1914 : le cadre historique

Un mois s’écoule exactement entre l’assassinat de l’archiduc François-Ferdinand, héritier de la couronne d’Autriche-Hongrie, et de son épouse, à Sarajevo, en Bosnie, et la déclaration de guerre du gouvernement de Vienne à la Serbie, le 28 juillet 1914. Un second mois suffit pour qu’une accumulation d’évaluations erronées de la part des chancelleries et des gouvernements aboutisse à des décisions contribuant au déclenchement d’un conflit généralisé.

L’Autriche, qui rêvait depuis longtemps d’une guerre préventive contre la Serbie, voit dans ces assassinats le prétexte inespéré d’une intervention militaire. C’est compter sans la Russie, alliée des Serbes, qui ne veut plus avoir à s’incliner devant le fait accompli comme en 1909. Le 30 juillet, le tsar Nicolas II ordonne la mobilisation générale. Lui répond le lendemain la mobilisation générale en Autriche-Hongrie. Le 1er août, n’ayant pas obtenu de réponse à l’ultimatum enjoignant le tsar de mettre un terme à la mobilisation générale russe, le Kaiser Guillaume II déclare la guerre à l’Empire russe.

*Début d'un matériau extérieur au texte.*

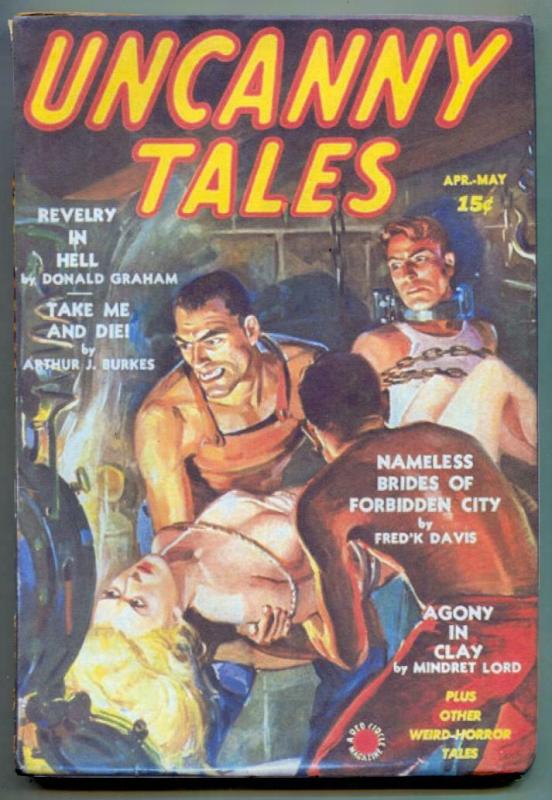 Uncanny Tales Pulp April 1939- Revelry In Hell- xerox cover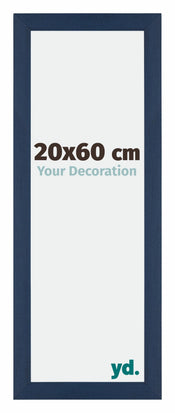 Mura MDF Cadre Photo 20x60cm Bleu Foncé Patine De Face Mesure | yourdeclineoration.com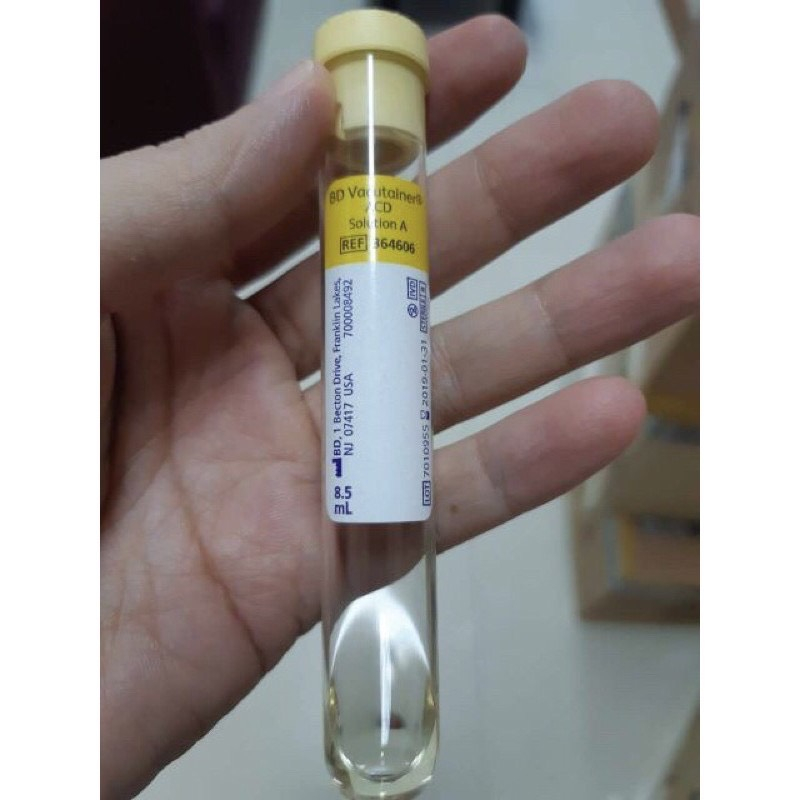 Ống nghiệm ACD Mỹ dùng lấy máu áp lực âm có sẵn chất chống đông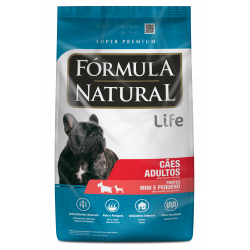 Fórmula Natural Super Premium Life Cães Adultos Portes Mini e Pequeno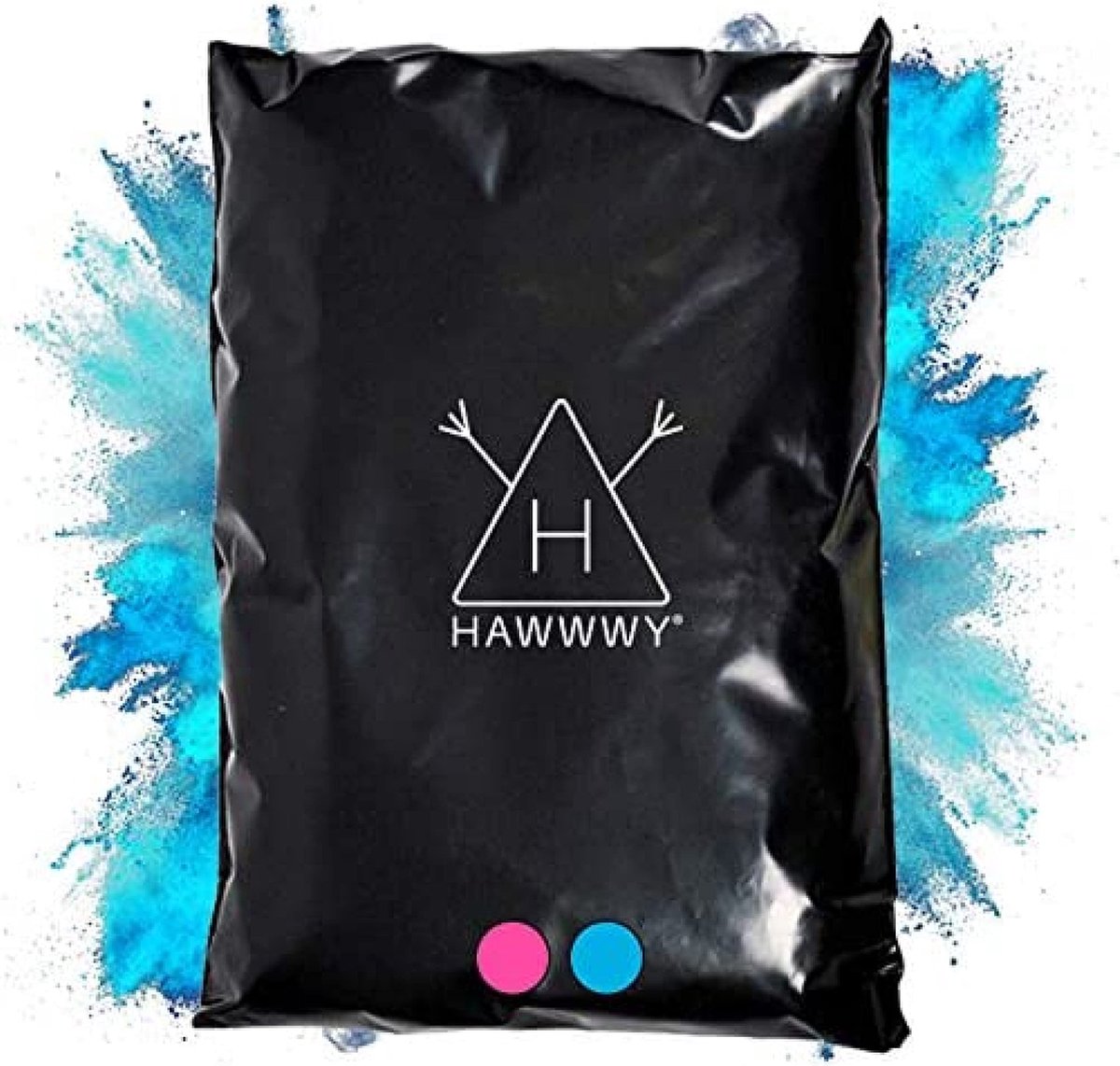 Hawwwy® Kleurrijk Poeder voor Holi Festival, Gender Onthullen Poeder Burn-Out Babyjongen Aankondigde Tannerite Surprise Game voor Holi Festival, Motorcycle Exput Car Tires Truck (2lb Tas)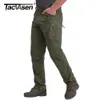 TACVASEN Summer Lightweight Trousers Mens Tactical Fishing Pants Outdoor Hiking Nylon Quick Dry Cargo Pants Casual Work Trousers 240408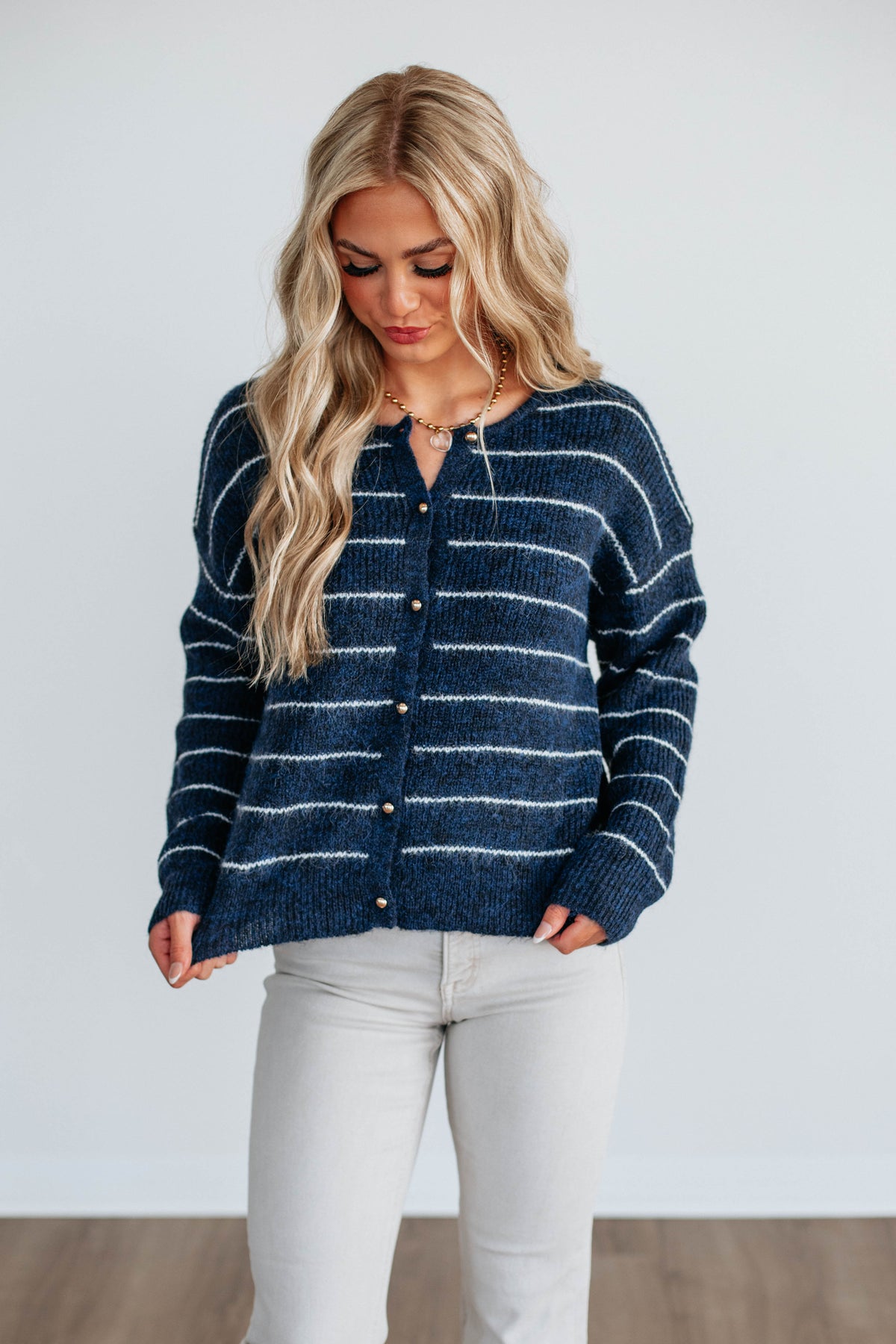 Taysha Striped Cardigan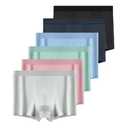 PIXUM Men's Breathable Mesh Underwear Support Pouch Men's Boxer Brief,Anti-Chafing,Moisture-Wicking Grey 2XL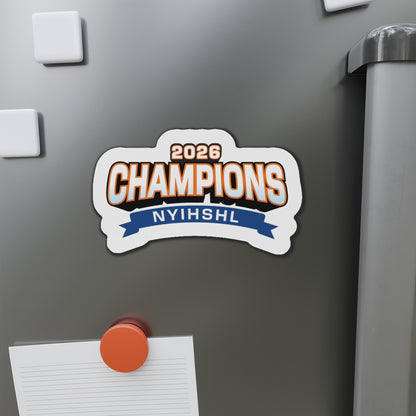 2026 NYIHSHL Champions Die-Cut Magnets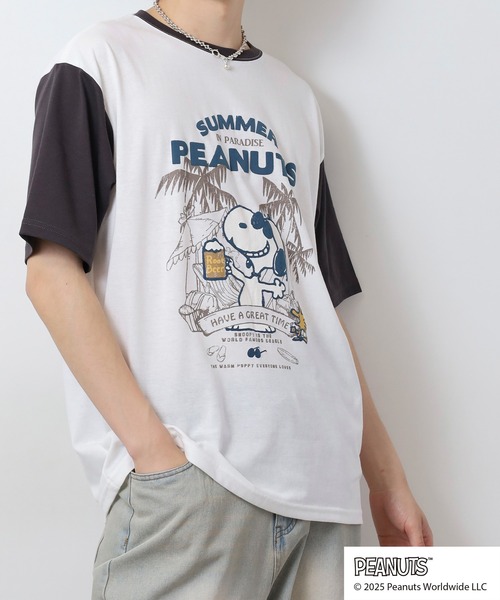 KRIFF MAYER(クリフメイヤー)の「KRIFFMAYER スヌーピープリントT(乾杯)(Tシャツ/カットソー・メンズ・レッド/チャコール/オフホワイト/ブルー/マルチ・M/L/XL)」の20枚目の写真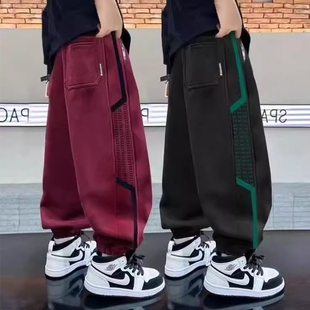 男童裤子春秋款时髦新款中大儿童春秋季运动卫裤春装痞帅风长裤潮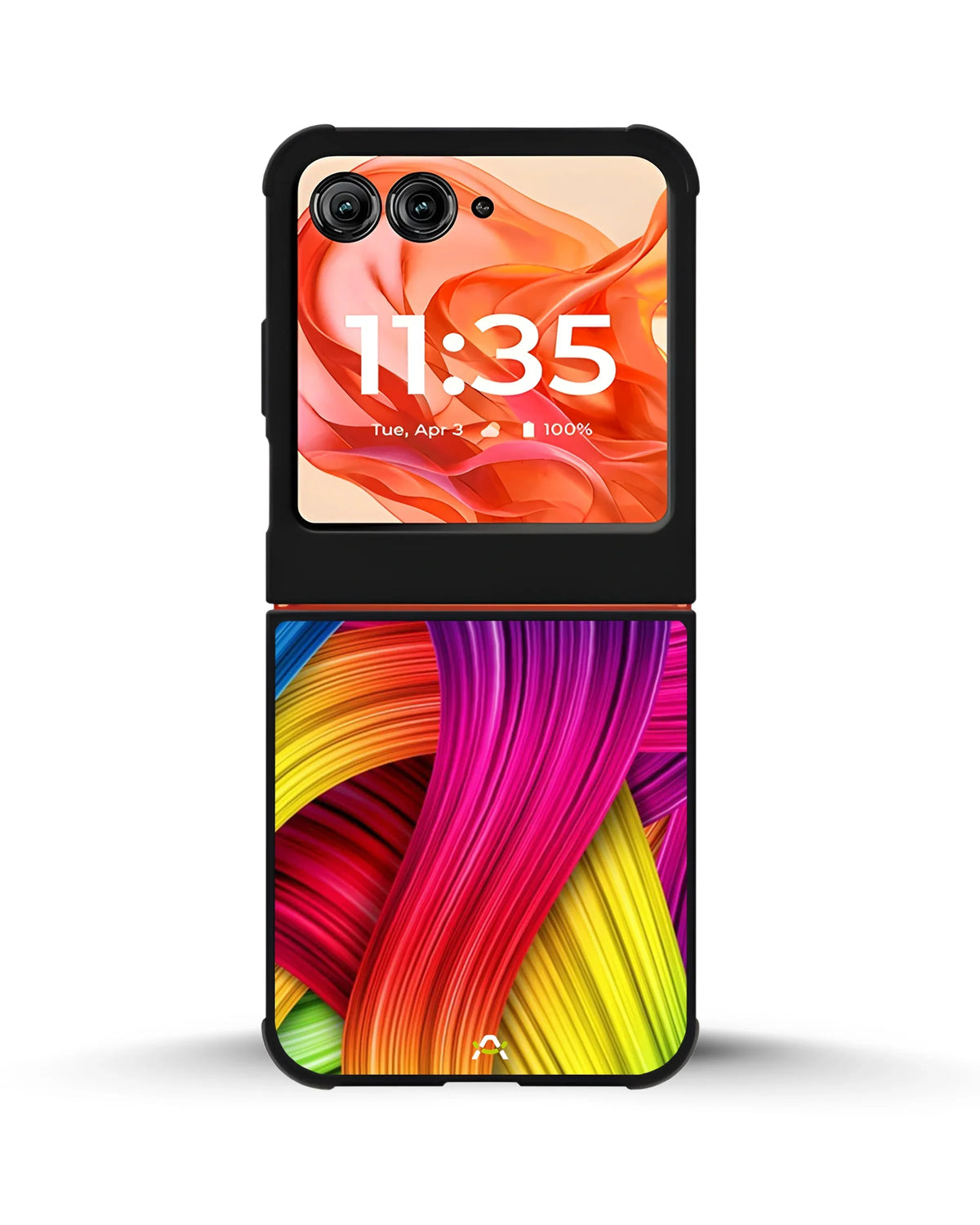 Vibrant Silk Waves Phone Case - Flowing Rainbow Strands Print for iPhone, Samsung, Pixel, OnePlus & Vivo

Le même jour, le gouvernement français, allié de Saint-Pétersbourg, décrète à son tour la mobilisation générale et le surlendemain, 3 août, l’Allemagne déclare la guerre à la France et envahit la Belgique, dont la neutralité était pourtant garantie par les puissances depuis le traité de Londres de février 1831. Londres exige alors le retrait des troupes allemandes et, en l’absence de réponse, déclare à son tour la guerre à l’Allemagne. C’est ainsi que, par le jeu des alliances, le conflit austro-serbe se transforme soudain en une conflagration continantale.

Le 23 août enfin, le Japon, allié de la Grande-Bretagne, juge le moment propice pour résoudre à son avantage la question chinoise, donnant déjà au conflit une envergure mondiale.

Des deux côtés, on pense d’abord que l’affrontement sera court. Certes, l’affaire est jugée sérieuse. On a même conscience qu’elle peut se révéler catastrophique et, contrairement à une légende tenace, les soldats n’entrent pas en guerre « la fleur au fusil ». Mais l’optimisme prévaut quant à la durée du conflit. On espère même être de retour pour les vendanges, au plus tard à Noël.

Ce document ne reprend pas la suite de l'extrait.